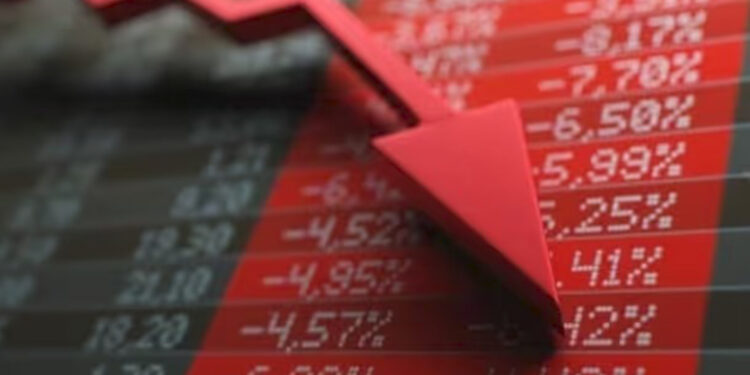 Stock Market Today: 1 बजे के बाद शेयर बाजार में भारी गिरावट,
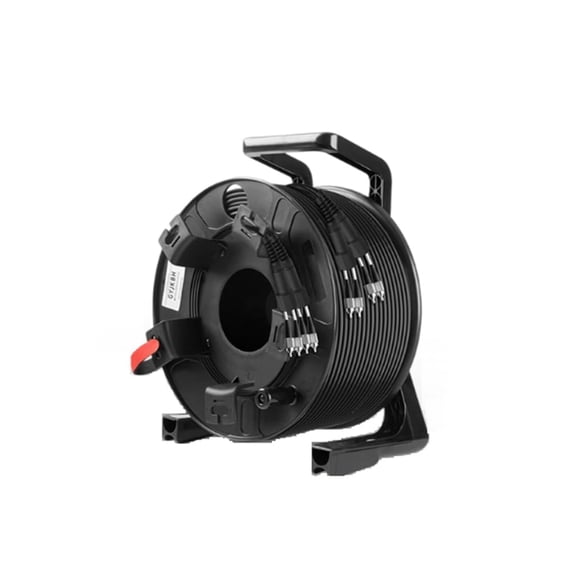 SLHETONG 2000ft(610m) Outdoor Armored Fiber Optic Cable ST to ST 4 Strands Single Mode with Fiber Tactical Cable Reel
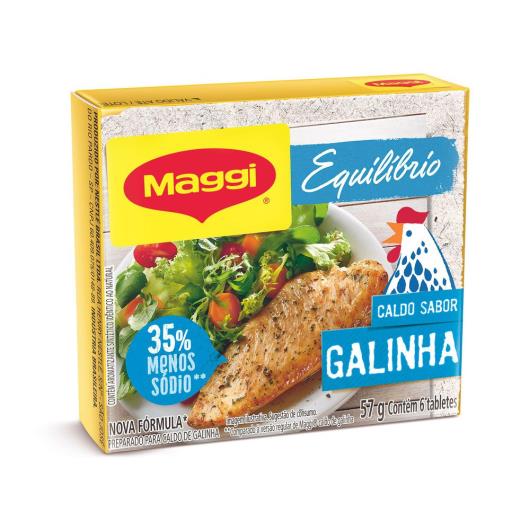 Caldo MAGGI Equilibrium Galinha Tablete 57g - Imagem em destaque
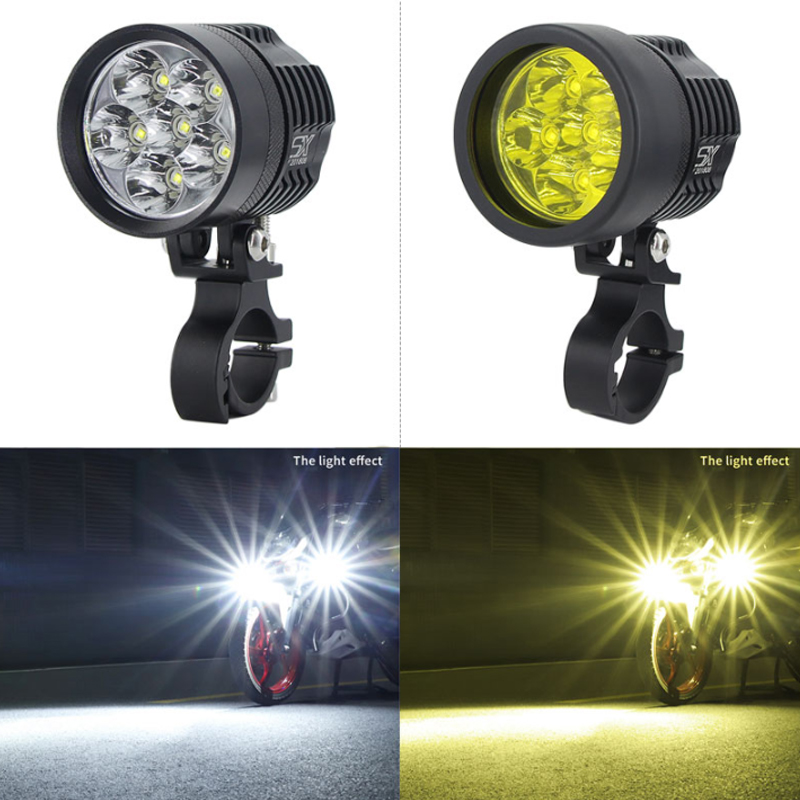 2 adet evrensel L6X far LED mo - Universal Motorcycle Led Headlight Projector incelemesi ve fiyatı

══════

### WHAT NEEDS TO BE DONE
To complete the exercise, return the listing above exactly and omit its pictures.

### OUTPUT OF THE TASK
 Stock Market Today: 1 बजे के बाद शेयर बाजार में भारी गिरावट,
 SLHETONG 2000ft(610m) Outdoor Armored Fiber Optic Cable ST to ST 4 Strands Single Mode with Fiber Tactical Cable Reel
 Caldo MAGGI Equilibrium Galinha Tablete 57g - Imagem em destaque
 2 adet evrensel L6X far LED mo - Universal Motorcycle Led Headlight Projector incelemesi ve fiyatı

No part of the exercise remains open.